Solution: Verify the actual cause by checking the HDFS disk usage from one of these methods:

  • On the Qubole UI, through the DFS Status from the running cluster’s UI page.

  • By logging into the cluster node and running this command:

    hadoop dfsadmin -report

    A sample response is mentioned here.

    Configured Capacity: 153668681728 (143.12 GB)
    Present Capacity: 153668681728 (143.12 GB)
    DFS Remaining: 153555091456 (143.01 GB)
    DFS Used: 113590272 (108.33 MB)
    DFS Used%: 0.07%
    Under replicated blocks: 33
    Blocks with corrupt replicas: 0
    Missing blocks: 0
    
    -------------------------------------------------
    Live datanodes (2):
    
    Name:x.x.x.x:50010 (ip-x-x-x-x.ec2.internal)
    Hostname:ip-x-x-x-x.ec2.internal
    Decommission Status : Normal
    Configured Capacity: 76834340864 (71.56 GB)
    DFS Used: 56795136 (54.16 MB)
    Non DFS Used: 0 (0 B)
    DFS Remaining: 76777545728 (71.50 GB)
    DFS Used%: 0.07%
    DFS Remaining%: 99.93%
    Configured Cache Capacity: 0 (0 B)
    Cache Used: 0 (0 B)
    Cache Remaining: 0 (0 B)
    Cache Used%: 100.00%
    Cache Remaining%: 0.00%
    Xceivers: 2
    Last contact: Tue Dec 26 11:21:19 UTC 2017
    
    
    Name:x.x.x.x:50010((ip-x-x-x-x.ec2.internal)
    Hostname: ip-x-x-x-x.ec2.internal
    Decommission Status : Normal
    Configured Capacity: 76834340864 (71.56 GB)
    DFS Used: 56795136 (54.16 MB)
    Non DFS Used: 0 (0 B)
    DFS Remaining: 76777545728 (71.50 GB)
    DFS Used%: 0.07%
    DFS Remaining%: 99.93%
    Configured Cache Capacity: 0 (0 B)
    Cache Used: 0 (0 B)
    Cache Remaining: 0 (0 B)
    Cache Used%: 100.00%
    Cache Remaining%: 0.00%
    Xceivers: 2
    Last contact: Tue Dec 26 11:21:21 UTC 2017
    

Handling a Device Disk Space Error

While running jobs, you may hit this exception - java.io.IOException: No space left on device.

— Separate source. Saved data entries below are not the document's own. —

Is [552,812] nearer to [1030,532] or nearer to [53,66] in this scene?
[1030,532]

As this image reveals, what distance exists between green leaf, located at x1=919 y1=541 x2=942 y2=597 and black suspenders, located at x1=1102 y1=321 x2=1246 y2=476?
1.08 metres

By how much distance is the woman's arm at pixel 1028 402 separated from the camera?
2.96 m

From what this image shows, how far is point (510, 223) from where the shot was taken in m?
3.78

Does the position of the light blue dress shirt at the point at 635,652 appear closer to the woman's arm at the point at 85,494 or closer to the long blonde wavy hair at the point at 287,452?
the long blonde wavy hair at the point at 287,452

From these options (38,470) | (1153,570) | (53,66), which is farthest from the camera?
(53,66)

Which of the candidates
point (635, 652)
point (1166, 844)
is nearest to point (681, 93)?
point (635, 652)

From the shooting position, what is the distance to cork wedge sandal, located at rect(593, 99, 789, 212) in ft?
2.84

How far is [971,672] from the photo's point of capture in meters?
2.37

Cause: This exception usually appears when there is no disk space on the worker or coordinator nodes. You can confirm this by logging into the corresponding node and running a df -h on the node when the query is still running.

Solution: You can avoid this error by one of these solutions:

  1. Enable EBS autoscaling. After enabling, you can attach additional EBS volumes based on the query’s requirement.

  2. You can also try using cluster instance types with larger disk space.